Table 3 Percent mycelium inhibition of E. perseae isolates with chemicals over different evaluation times.
| Tratamientos | Inhibición del crecimiento del micelio (%) | ||
|---|---|---|---|
| 30 días | 60 días | 90 días | |
| Tiabendazol | 100a | 100a | 100a |
| Azoxystrobin+propiconazol | 100a | 100a | 100a |
| Cyprodinil+fludioxonil | 100a | 93.70b | 87.52bc |
| Pyraclostrobin | 100a | 93.18b | 86.35c |
| Azoxystrobin | 100a | 100a | 93.34ab |
| Testigo | 0b | 0c | 0d |
Values with different letters in the same column are significantly different (p > 0.05).

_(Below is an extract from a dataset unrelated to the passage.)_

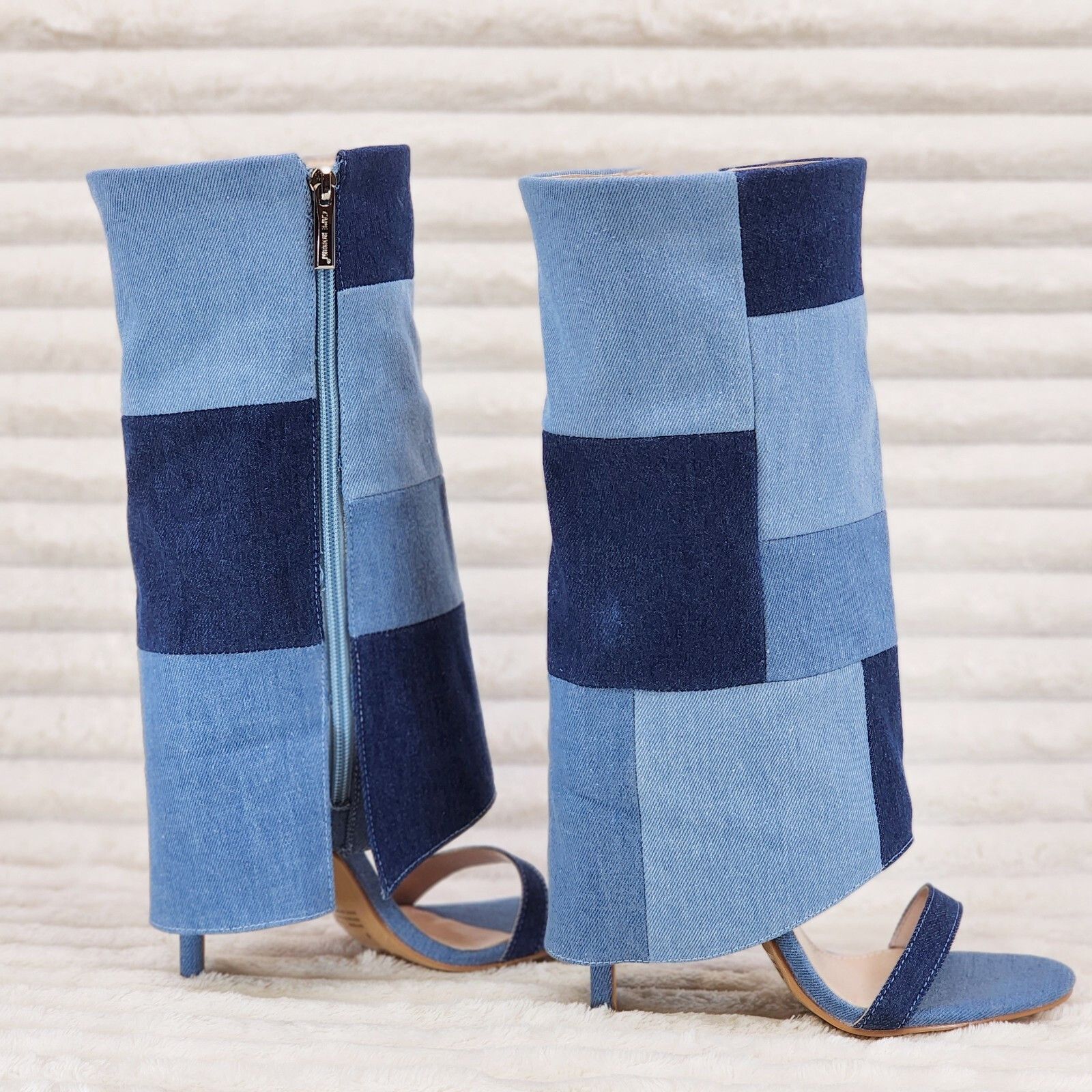 Paris Denim Patchwork Stiletto Fold Over Skirted Shootie Boo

With cyprodinil+fludioxonil and pyraclostrobin, significant differences were observed at 60 and 90 days, with different percentages of mycelium inhibition in the isolates from the different agroecological areas, some being more sensitive than others (Table 4). A lower susceptibility to these products was observed for the 67% ECA isolate.
Table 4 Percentage mycelial inhibition of E. perseae isolates (from different agroecological areas) with different fungicides at different post-inoculation times
| Inhibición del crecimiento del micelio (%) | ||||||
|---|---|---|---|---|---|---|
| Tratamientos | Días | ECC | EZU | EZA | EAR | ECA |
| (1,200-1,420 m.s.n.m.) | (1421-1640 m.s.n.m.) | (1641- 1860 m.s.n.m.) | (1861- 2080 m.s.n.m.) | (2081-2300 m.s.n.m.) | ||
| 30 | 100a | 100a | 100a | 100a | 100a | |
| Azoxystrobin | 60 | 100a | 100a | 100a | 100a | 100a |
| 90 | 99a | 99.72a | 100a | 100a | 73.91b | |
| Azoxystrobin + propiconazol | 30 | 100a | 100a | 100a | 100a | 100a |
| 60 | 100a | 100a | 100a | 100a | 100a | |
| 90 | 100a | 100a | 100a | 100a | 100a | |
| Cyprodinil + fludioxonil | 30 | 100a | 100a | 100a | 100a | 100a |
| 60 | 98.07a | 98.57a | 92.72a | 92.5a | 86.66b | |
| 90 | 95a | 98.33a | 92.5a | 90.5a | 67.53b | |
| Pyraclastrobin | 30 | 100a | 100a | 100a | 100a | 100a |
| 60 | 95.55a | 98.57a | 91.36ab | 81.66b | 98.78a | |
| 90 | 91.75a | 95.55a | 92.08a | 86a | 66.37b | |
| Tiabendazol | 30 | 100a | 100a | 100a | 100a | 100a |
| 60 | 100a | 100a | 100a | 100a | 100a | |
| 90 | 100a | 100a | 100a | 100a | 100a | |
Values with different letters in the same row are significantly different (p > 0.05).
Conclusions
The five E. perseae isolates from each agroecological area exhibited varying virulence levels on avocado fruit. Nursery plants with the Flor de María variety were more susceptible to the pathogen based on spot count, spot size, and symptom appearance time. E. perseae isolates from different agroecological areas showed varying in vitro sensitivity to tested fungicides (Larrea tridentata, copper oxychloride, copper sulfate, cyprodinil+fludioxonil, and pyraclostrobin). Larrea tridentata and copper oxychloride achieved 74.1% and 72.4% inhibition, respectively, against the EZU isolate (1421-1640 m.a.s.l.), outperforming copper gluconate, which controlled a maximum of 37.7% inhibition. The fungus displayed higher in vitro sensitivity (100%) to chemical fungicides thiabendazole and azoxystrobin + propiconazole, as well as to orchard-approved organic options: Larrea tridentata and copper oxychloride (58%).